* [YOUR GOAL]: The task calls for an exact retyping of the lines from the one holding "Femme gaie tenant" through the end of the listing, with pictures omitted and nothing added.

* * * * *

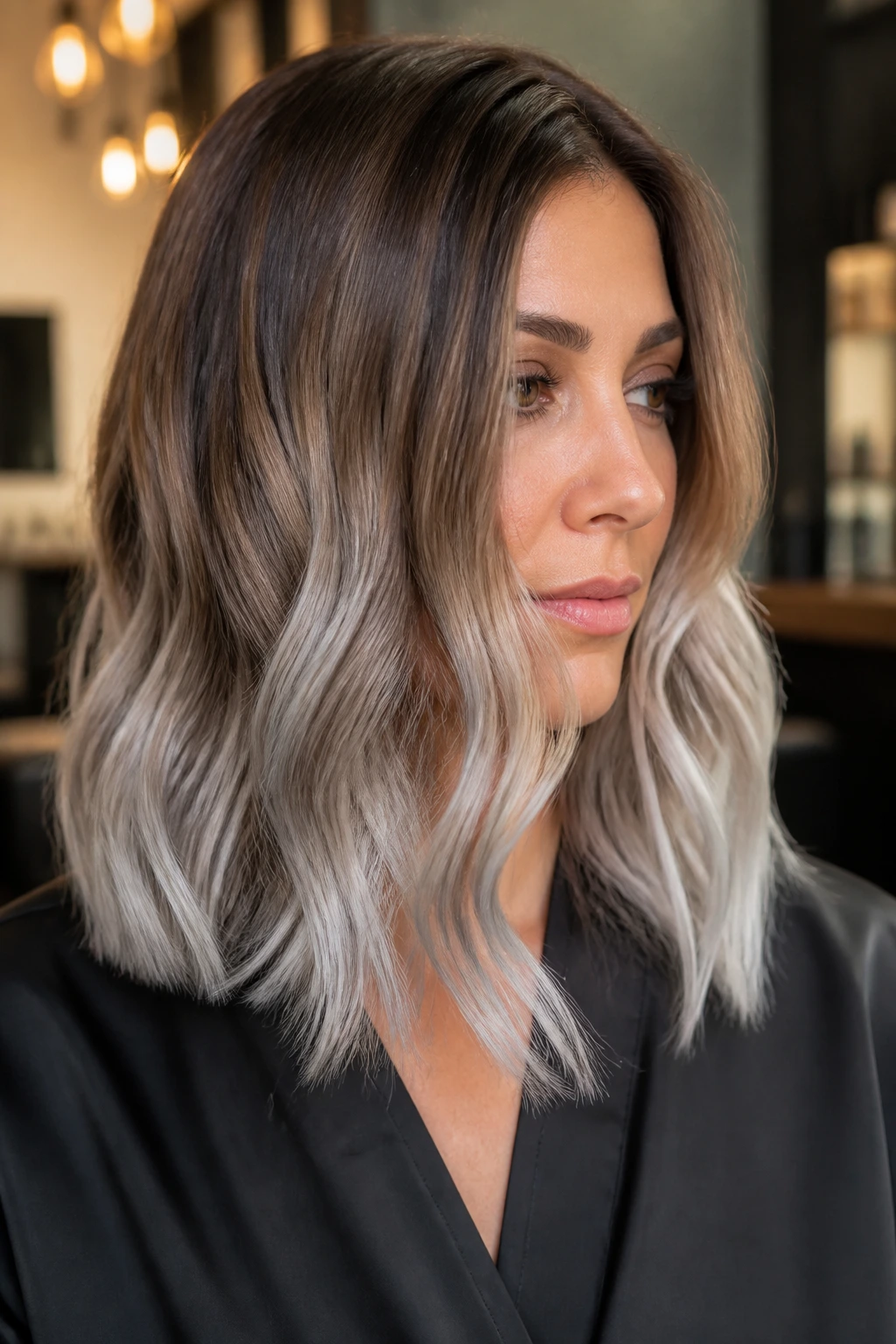 Close-up portrait of a real woman with a smoky bronze-to-silver ombre on shoulder-length hair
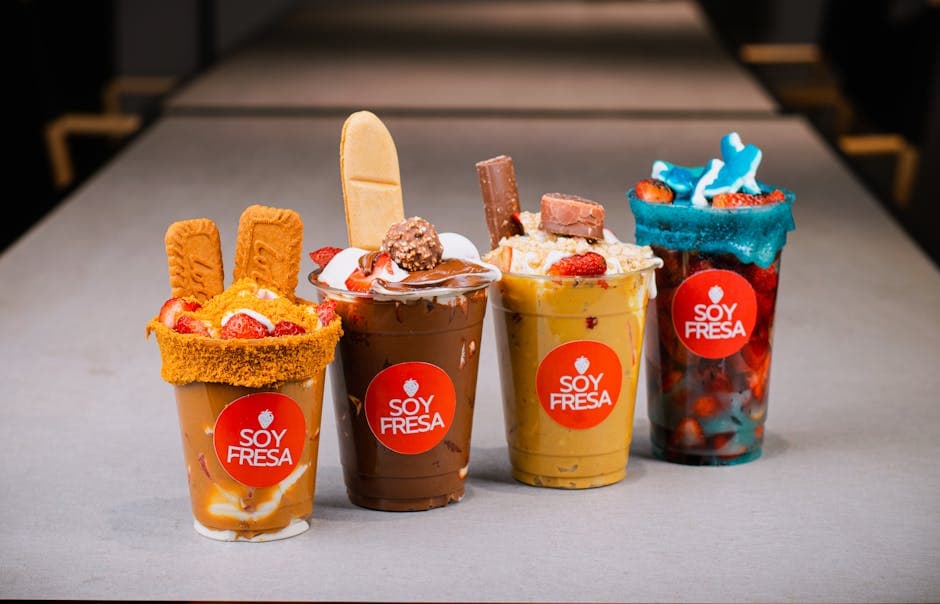 Colorful dessert cups from Soy Fresa featuring strawberries, cookies, chocolate, and more.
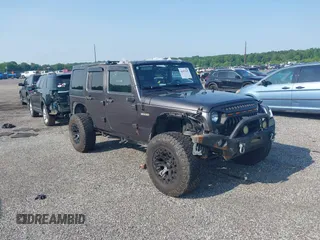 2016 Jeep Wrangler Unlimited Sport with VIN 1C4BJWDG9GL211030, listed as a IAAI auction lot 42459945 with 61,671 mi miles and . Bid and sale history available at DreamBid. Image 1.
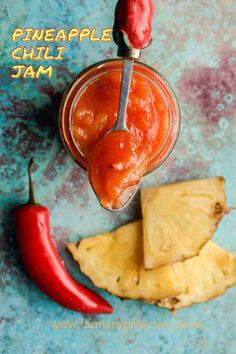 pineapple chilli jam in a glass jar with a spoon next to it and a red pepper on the side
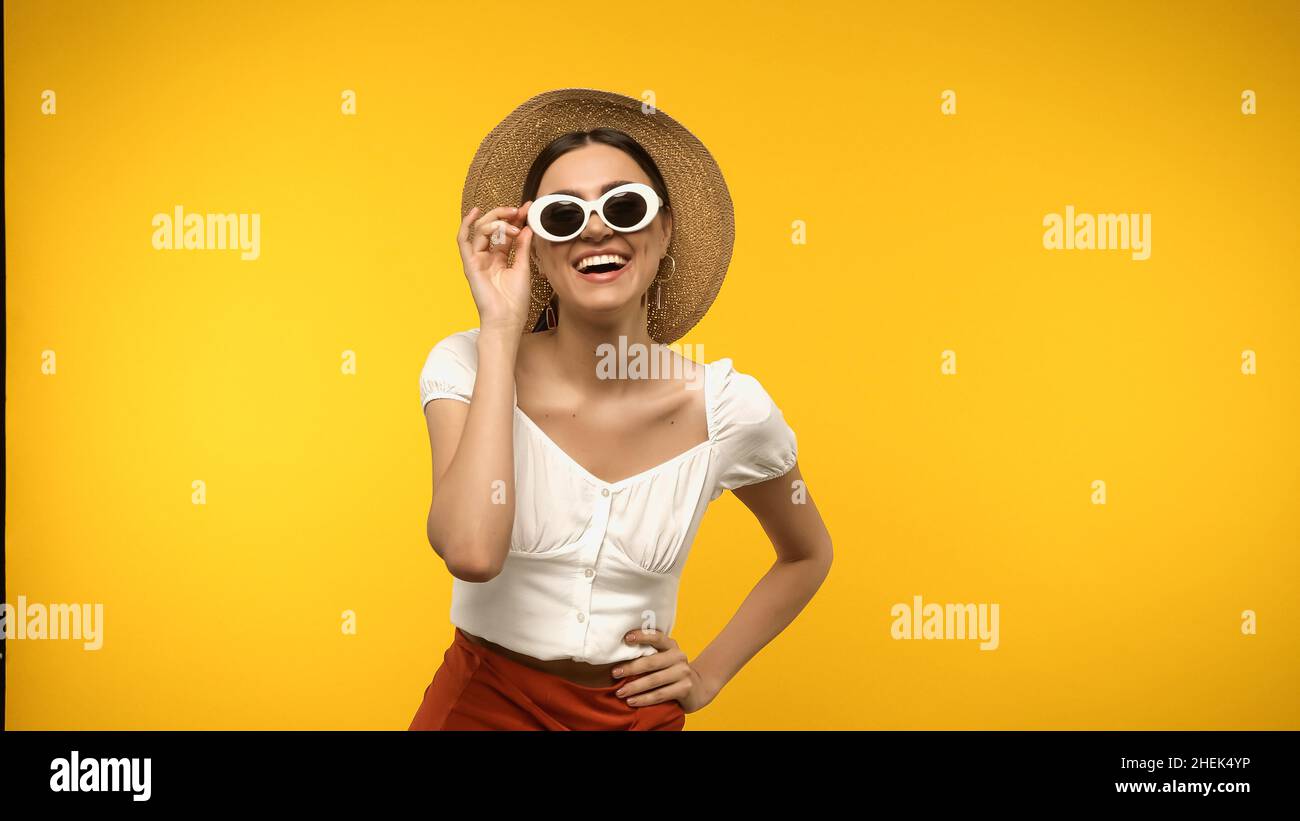 Femme gaie tenant des lunettes de soleil et main sur la hanche isolée sur jaune Banque D'Images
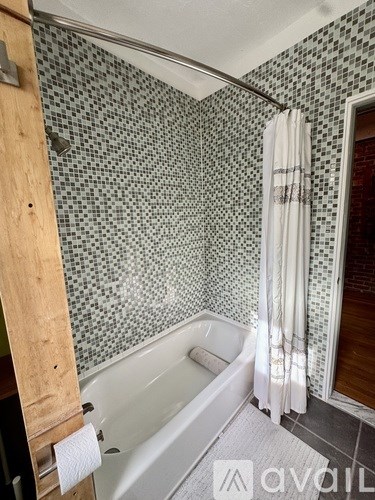A bathroom with a white tub and a shower curtain.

* * * * *

* [COMPLETED TASK]:
 Femme gaie tenant des lunettes de soleil et main sur la hanche isolée sur jaune Banque D'Images
A bathroom with a white tub and a shower curtain.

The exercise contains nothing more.